* _Problem details_:
Starting with the line that contains "Mintgrünes LEGO Retro-Radio" and stopping after the line that contains "NHA TRANG, VIETNAM", return each line below exactly as written, with no others.

* _Record excerpts_:
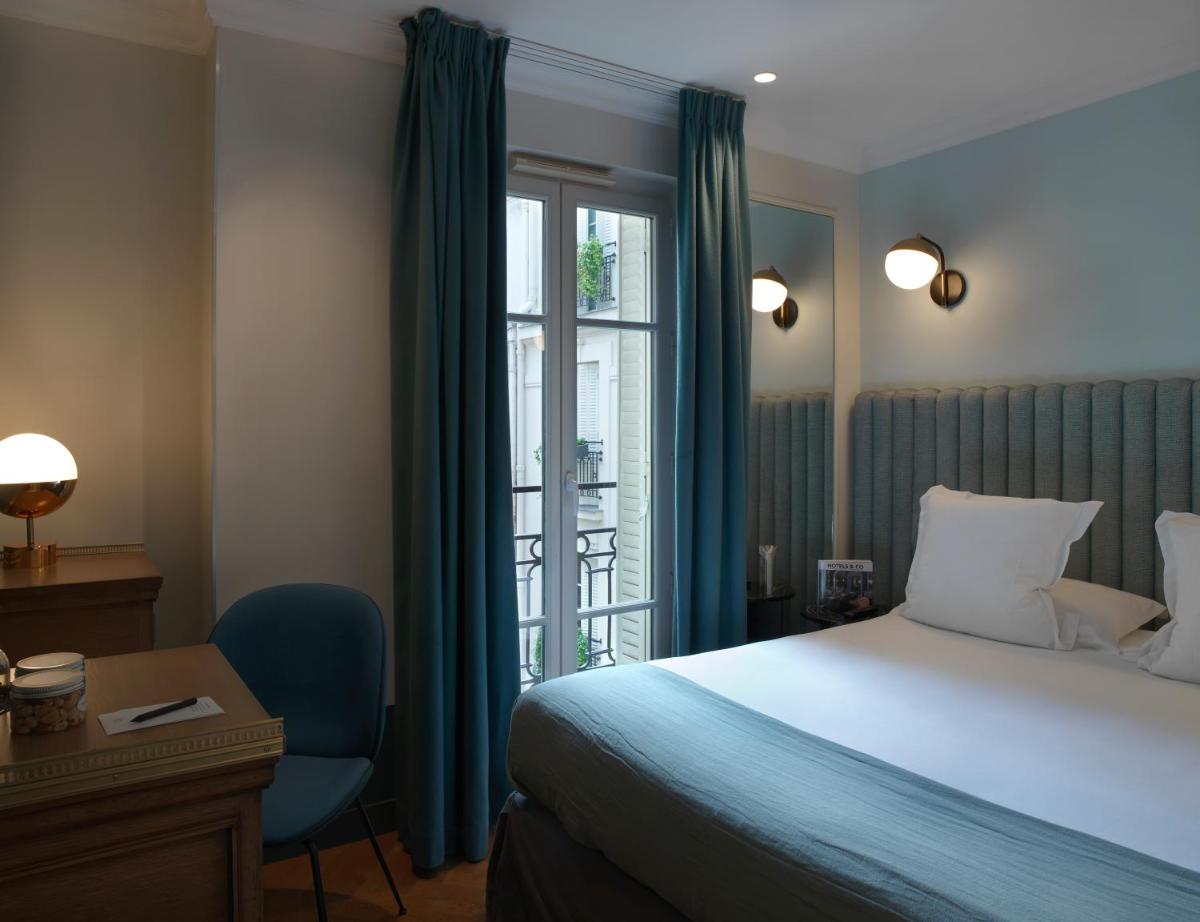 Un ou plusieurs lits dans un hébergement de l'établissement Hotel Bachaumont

---

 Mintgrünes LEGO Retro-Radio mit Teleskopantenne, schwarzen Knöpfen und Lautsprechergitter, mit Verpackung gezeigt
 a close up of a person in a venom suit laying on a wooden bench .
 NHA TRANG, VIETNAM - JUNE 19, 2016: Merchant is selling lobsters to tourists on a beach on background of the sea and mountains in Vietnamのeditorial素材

* * *

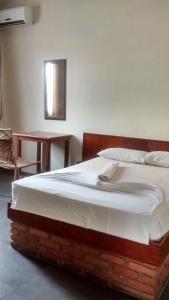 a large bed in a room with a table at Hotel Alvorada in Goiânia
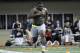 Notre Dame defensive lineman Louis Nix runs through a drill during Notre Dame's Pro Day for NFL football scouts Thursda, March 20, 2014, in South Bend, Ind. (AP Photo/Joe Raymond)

* _Answer box_:
 Mintgrünes LEGO Retro-Radio mit Teleskopantenne, schwarzen Knöpfen und Lautsprechergitter, mit Verpackung gezeigt
 a close up of a person in a venom suit laying on a wooden bench .
 NHA TRANG, VIETNAM - JUNE 19, 2016: Merchant is selling lobsters to tourists on a beach on background of the sea and mountains in Vietnamのeditorial素材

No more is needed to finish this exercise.